Top of Stored data
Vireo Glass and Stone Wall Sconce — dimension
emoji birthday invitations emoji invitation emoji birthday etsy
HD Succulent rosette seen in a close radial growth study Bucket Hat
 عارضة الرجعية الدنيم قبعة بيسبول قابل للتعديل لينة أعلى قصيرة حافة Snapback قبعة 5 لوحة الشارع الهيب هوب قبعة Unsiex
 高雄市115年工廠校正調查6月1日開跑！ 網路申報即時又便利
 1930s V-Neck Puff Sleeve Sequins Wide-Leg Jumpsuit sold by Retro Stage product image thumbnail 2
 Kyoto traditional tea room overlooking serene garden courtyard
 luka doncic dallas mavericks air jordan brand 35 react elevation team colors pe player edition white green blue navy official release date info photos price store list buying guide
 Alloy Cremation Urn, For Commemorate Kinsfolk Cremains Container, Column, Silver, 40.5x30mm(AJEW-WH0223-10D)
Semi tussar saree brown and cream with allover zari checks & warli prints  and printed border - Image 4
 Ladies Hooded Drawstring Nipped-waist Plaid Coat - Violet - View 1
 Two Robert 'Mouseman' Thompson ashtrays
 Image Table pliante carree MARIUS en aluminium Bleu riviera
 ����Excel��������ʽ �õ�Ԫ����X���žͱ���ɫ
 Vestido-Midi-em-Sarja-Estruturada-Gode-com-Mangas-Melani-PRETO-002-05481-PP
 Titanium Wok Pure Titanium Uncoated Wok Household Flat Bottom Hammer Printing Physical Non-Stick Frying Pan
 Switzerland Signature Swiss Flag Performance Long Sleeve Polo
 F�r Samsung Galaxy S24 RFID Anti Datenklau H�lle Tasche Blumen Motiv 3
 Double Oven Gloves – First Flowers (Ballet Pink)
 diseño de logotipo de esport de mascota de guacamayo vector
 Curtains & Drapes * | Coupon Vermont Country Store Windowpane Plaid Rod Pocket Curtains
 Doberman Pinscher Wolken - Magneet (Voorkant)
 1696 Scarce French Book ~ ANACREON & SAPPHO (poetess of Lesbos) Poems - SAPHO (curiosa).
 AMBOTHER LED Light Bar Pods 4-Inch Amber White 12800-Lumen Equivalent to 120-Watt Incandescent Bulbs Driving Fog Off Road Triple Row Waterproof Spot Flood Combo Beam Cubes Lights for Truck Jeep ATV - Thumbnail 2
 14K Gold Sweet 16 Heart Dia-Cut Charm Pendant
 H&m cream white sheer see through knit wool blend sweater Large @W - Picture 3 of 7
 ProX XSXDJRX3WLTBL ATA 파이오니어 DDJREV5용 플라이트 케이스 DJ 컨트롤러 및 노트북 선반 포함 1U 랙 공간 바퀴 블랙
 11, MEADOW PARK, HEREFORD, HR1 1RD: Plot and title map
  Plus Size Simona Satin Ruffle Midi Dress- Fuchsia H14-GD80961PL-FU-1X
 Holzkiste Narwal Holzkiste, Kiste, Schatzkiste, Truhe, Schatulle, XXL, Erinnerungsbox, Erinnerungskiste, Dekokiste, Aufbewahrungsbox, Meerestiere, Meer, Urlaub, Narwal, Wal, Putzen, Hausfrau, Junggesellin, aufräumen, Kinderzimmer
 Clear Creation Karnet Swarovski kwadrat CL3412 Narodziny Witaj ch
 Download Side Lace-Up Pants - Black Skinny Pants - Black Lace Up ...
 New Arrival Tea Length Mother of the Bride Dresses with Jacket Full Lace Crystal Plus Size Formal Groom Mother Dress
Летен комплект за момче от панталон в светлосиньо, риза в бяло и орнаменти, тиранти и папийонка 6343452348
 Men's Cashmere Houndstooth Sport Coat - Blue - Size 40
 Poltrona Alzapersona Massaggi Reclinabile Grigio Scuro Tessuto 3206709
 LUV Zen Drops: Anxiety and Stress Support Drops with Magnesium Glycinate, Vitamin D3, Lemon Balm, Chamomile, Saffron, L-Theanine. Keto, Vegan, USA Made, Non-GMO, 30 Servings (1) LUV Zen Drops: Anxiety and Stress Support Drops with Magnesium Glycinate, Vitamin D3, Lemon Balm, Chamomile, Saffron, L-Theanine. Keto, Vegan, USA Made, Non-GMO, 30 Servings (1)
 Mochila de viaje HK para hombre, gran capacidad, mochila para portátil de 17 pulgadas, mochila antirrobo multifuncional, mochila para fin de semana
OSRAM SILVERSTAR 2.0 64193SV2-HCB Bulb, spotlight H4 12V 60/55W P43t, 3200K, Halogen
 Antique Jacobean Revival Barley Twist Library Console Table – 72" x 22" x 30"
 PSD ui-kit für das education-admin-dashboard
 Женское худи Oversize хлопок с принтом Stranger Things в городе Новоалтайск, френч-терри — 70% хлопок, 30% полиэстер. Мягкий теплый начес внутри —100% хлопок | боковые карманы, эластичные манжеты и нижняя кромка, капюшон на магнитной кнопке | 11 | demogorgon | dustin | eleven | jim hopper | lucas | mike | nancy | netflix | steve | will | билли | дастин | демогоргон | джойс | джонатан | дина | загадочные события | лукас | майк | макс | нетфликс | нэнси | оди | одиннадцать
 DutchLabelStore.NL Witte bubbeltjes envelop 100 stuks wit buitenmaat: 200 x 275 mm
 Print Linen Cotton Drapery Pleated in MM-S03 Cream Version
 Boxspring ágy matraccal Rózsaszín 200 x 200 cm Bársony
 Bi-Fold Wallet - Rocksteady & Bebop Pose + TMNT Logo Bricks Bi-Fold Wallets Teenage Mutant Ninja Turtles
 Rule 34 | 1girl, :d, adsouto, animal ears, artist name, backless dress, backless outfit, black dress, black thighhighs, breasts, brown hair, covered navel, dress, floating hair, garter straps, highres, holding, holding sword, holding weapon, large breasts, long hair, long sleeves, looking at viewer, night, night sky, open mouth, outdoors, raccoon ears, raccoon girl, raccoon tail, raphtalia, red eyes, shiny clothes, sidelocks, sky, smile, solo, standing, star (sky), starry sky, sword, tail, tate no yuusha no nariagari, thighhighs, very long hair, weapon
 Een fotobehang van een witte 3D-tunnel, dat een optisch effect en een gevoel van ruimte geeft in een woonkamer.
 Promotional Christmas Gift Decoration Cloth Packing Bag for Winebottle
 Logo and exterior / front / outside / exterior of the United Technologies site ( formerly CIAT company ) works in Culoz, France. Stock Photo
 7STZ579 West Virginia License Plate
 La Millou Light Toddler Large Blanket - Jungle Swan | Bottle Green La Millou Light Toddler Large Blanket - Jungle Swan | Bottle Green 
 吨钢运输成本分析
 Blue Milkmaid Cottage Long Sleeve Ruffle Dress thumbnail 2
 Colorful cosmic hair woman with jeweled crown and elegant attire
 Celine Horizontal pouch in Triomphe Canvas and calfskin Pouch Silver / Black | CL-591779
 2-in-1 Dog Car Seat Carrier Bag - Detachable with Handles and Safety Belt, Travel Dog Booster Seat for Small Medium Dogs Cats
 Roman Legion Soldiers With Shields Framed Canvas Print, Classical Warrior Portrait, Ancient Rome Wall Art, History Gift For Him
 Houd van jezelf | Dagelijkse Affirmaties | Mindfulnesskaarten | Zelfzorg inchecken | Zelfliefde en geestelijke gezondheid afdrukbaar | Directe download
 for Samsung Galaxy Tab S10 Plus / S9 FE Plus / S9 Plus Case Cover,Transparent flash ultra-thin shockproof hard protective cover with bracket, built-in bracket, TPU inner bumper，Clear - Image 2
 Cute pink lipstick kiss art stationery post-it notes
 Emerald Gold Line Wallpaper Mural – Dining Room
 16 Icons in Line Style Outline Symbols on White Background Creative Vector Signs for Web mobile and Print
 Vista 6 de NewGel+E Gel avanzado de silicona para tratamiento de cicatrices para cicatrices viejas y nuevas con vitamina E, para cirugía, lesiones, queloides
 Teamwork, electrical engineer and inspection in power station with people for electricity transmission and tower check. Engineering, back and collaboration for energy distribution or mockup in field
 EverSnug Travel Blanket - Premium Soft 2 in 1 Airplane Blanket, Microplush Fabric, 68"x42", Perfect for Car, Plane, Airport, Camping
Bottom of Stored data
◆ Your task ◆
Go through the listing above and write out exactly the lines starting with the one holding "AMBOTHER LED Light" and running through the one holding "Junggesellin, aufräumen, Kinderzimmer", ends included, and no others.

◆ Written response ◆
 AMBOTHER LED Light Bar Pods 4-Inch Amber White 12800-Lumen Equivalent to 120-Watt Incandescent Bulbs Driving Fog Off Road Triple Row Waterproof Spot Flood Combo Beam Cubes Lights for Truck Jeep ATV - Thumbnail 2
 14K Gold Sweet 16 Heart Dia-Cut Charm Pendant
 H&m cream white sheer see through knit wool blend sweater Large @W - Picture 3 of 7
 ProX XSXDJRX3WLTBL ATA 파이오니어 DDJREV5용 플라이트 케이스 DJ 컨트롤러 및 노트북 선반 포함 1U 랙 공간 바퀴 블랙
 11, MEADOW PARK, HEREFORD, HR1 1RD: Plot and title map
  Plus Size Simona Satin Ruffle Midi Dress- Fuchsia H14-GD80961PL-FU-1X
 Holzkiste Narwal Holzkiste, Kiste, Schatzkiste, Truhe, Schatulle, XXL, Erinnerungsbox, Erinnerungskiste, Dekokiste, Aufbewahrungsbox, Meerestiere, Meer, Urlaub, Narwal, Wal, Putzen, Hausfrau, Junggesellin, aufräumen, Kinderzimmer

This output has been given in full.